### What the task asks
Type out the complete listing below word for word, without its pictures.

### Recorded information
┄┄┄┄┄┄┄┄┄┄┄┄┄┄┄┄┄┄┄┄

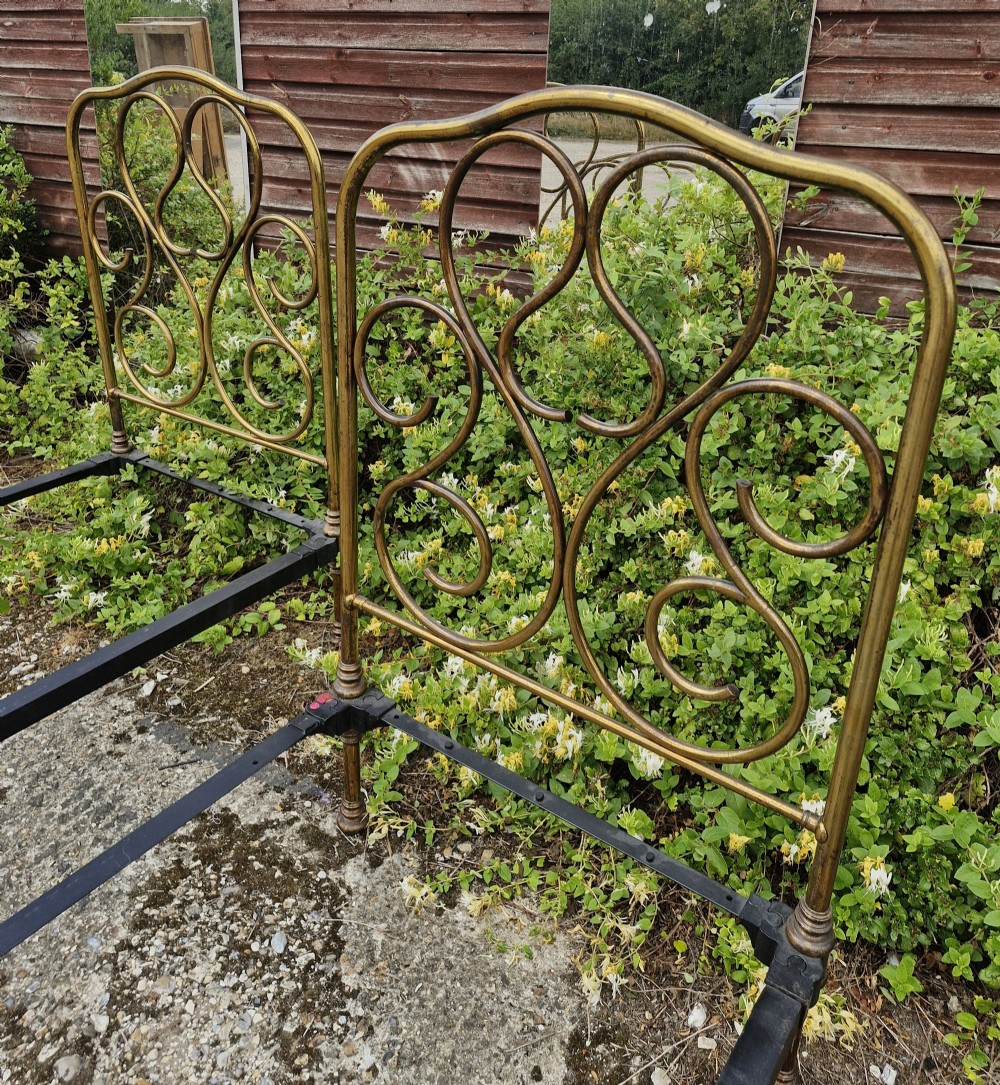 A matching pair of brass single bedsteads featuring decorative curved scrollwork headboards and footboards with black iron side rails. View VIII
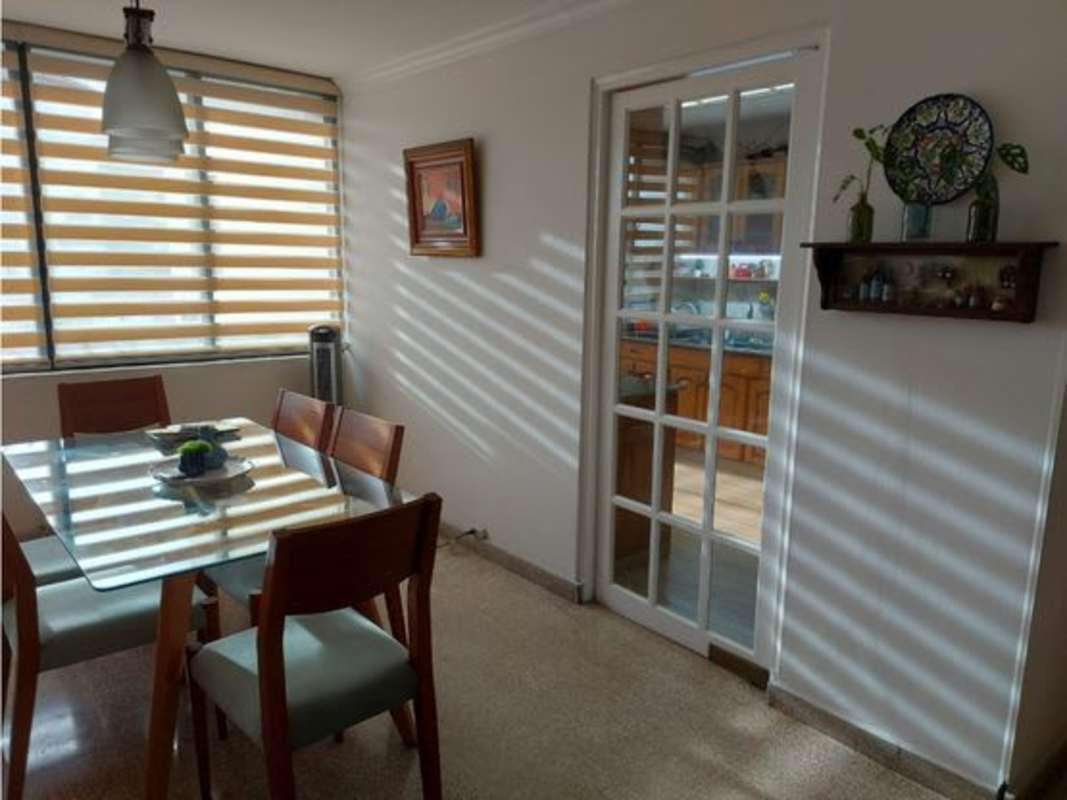 Covered balcony overlooking city skyline PH La Alameda Betania Panama apartment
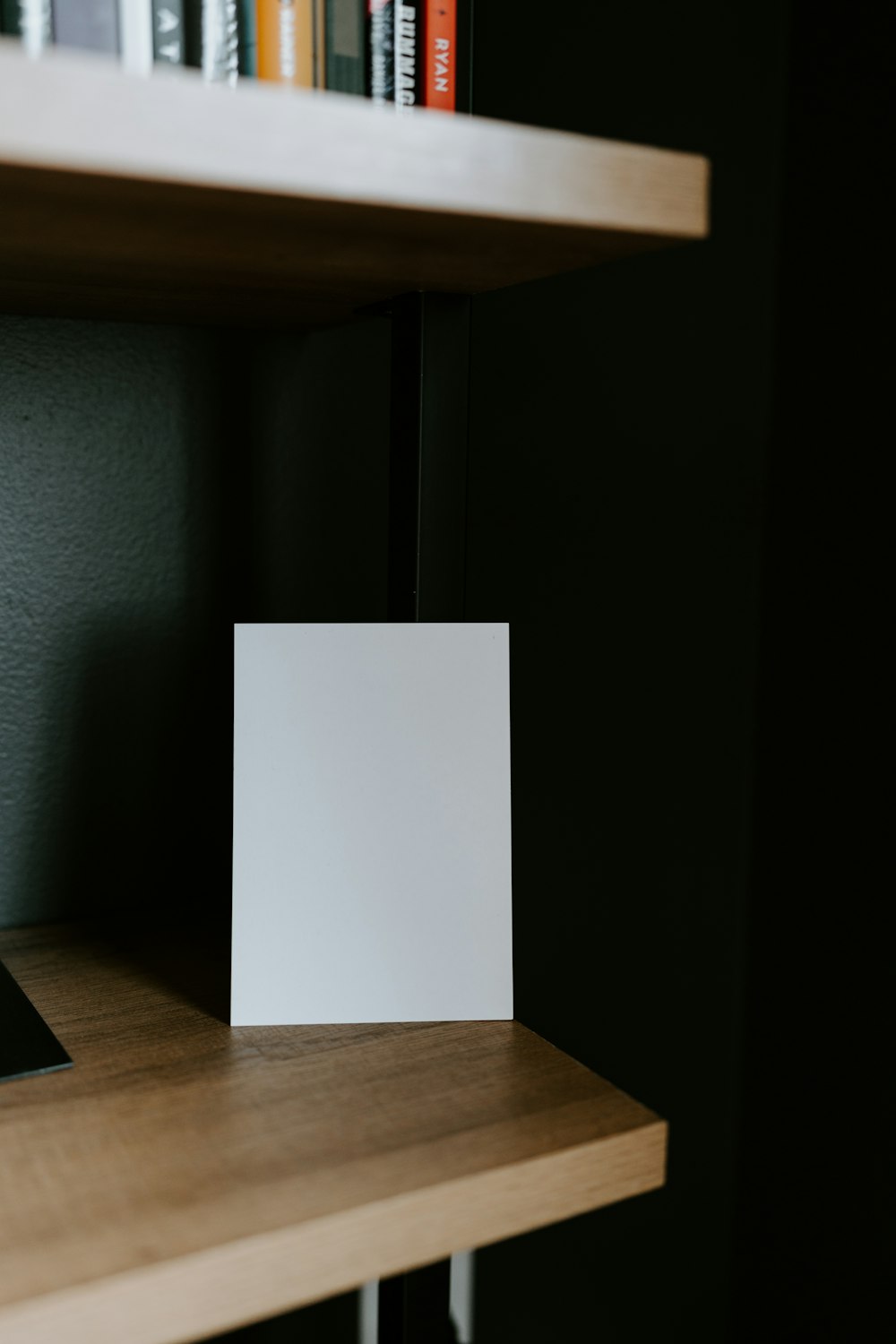 um cartão em branco sentado em cima de uma prateleira de madeira
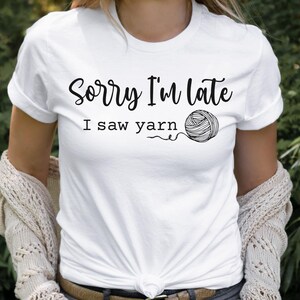 Op de afbeelding: Wit T-shirt met zwarte tekst die "Sorry, ik ben te laat, ik zag garen" zegt en een zwart-witte illustratie van een bol garen.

┄┄┄┄┄┄┄┄┄┄┄┄┄┄┄┄┄┄┄┄

### The answer
 A matching pair of brass single bedsteads featuring decorative curved scrollwork headboards and footboards with black iron side rails. View VIII
 Covered balcony overlooking city skyline PH La Alameda Betania Panama apartment
 um cartão em branco sentado em cima de uma prateleira de madeira
 Op de afbeelding: Wit T-shirt met zwarte tekst die "Sorry, ik ben te laat, ik zag garen" zegt en een zwart-witte illustratie van een bol garen.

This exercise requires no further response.